14. The method of claim 13, further comprising:

for each cluster, creating a data structure that includes at least one of: confidence of CSAM identification, start time of the animation when CSAM is identified, stop time of the animation when CSAM is identified, and most severe category of the CSAM scale detected.

15. The method of claim 10, further comprising:

in response to the third outcome being indicative of CSAM, computing a hash of the target image and storing the hash in a hash dataset;

wherein in response to a new image, computing the hash of the new image, and searching the hash dataset to identify a match with the hash of the new image.

16. The method of claim 10, further comprising segmenting each of a plurality of target faces depicted in the target image, and feeding each of the plurality of target faces into the age component to obtain a plurality of first outcomes, wherein the combination component generates the third outcome indicative of CSAM when at least one of the plurality of target faces is identified as under legal age.

17. A system for automated detection of CSAM depicted in a target image, comprising:

at least one hardware processor executing a code for:

feeding a segmentation of a target face extracted from a target image, into an age component of a machine learning model, wherein the age component is trained on an age training dataset comprising a plurality of first records, wherein a first record includes a face extracted from an image of an individual in a certain pose and a ground truth label indicating whether the face is of an individual below a legal age;

obtaining from the age component, a first outcome indicative of a target individual associated with the target face being below the legal age;

feeding the target image into a sexuality component of a machine learning model, wherein the sexuality component is trained on a sexuality training dataset comprising a plurality of second records, wherein a second record includes a second image and ground truth label indicative of sexuality depicted in the second image;

obtaining from the sexuality component, a second outcome indicative of sexuality depicted in the target image;

feeding the first outcome and the second outcome into a combination component of the machine learning model; and

obtaining a third outcome indicative of CSAM depicted in the target image.
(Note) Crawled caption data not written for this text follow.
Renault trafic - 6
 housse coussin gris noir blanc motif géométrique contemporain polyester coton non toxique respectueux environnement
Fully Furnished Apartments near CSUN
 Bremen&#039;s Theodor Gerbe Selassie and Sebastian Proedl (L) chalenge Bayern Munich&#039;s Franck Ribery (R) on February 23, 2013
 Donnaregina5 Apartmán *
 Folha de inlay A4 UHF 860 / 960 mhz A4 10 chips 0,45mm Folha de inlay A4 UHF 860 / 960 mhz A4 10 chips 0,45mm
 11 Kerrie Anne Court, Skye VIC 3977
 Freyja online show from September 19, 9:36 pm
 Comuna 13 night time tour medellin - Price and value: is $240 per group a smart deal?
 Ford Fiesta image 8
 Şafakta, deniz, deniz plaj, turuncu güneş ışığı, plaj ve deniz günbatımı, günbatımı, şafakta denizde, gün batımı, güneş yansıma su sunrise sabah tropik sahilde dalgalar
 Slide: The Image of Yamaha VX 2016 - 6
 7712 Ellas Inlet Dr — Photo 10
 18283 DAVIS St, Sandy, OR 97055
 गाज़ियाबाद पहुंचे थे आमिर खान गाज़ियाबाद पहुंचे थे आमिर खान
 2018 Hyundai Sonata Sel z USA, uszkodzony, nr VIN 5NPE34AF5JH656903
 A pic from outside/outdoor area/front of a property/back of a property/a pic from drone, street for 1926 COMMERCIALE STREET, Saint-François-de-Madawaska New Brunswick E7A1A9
18. The system of claim 17, further comprising code for training the machine learning model for detection of child sexual abusive materials (CSAM) depicted in a target image, comprising:

extracting segmentations of faces depicted in a plurality of first images of a plurality of first individuals in a plurality of first poses;

creating the age training dataset comprising a plurality of first records, wherein a first record includes an extracted segmented face and a ground truth label indicating whether the face is of an individual below a legal age;

training the age component on the age training dataset for generating a first outcome indicative of a target face segmented from the target image of a target individual being below the legal age;

creating the sexuality training dataset comprising a plurality of second records, wherein a second record includes a second image and ground truth label indicative of sexuality depicted in the second image;

training the sexuality component on the sexuality training dataset for generating a second outcome indicative of sexuality depicted in the target image;

defining the combination component that receives an input of a combination of the first outcome of the age component fed the target image and the second outcome of the sexuality component fed the target image, and generates a third outcome indicative of CSAM depicted in the target image; and

providing the machine learning model comprising the age component, the sexuality component, and the combination component.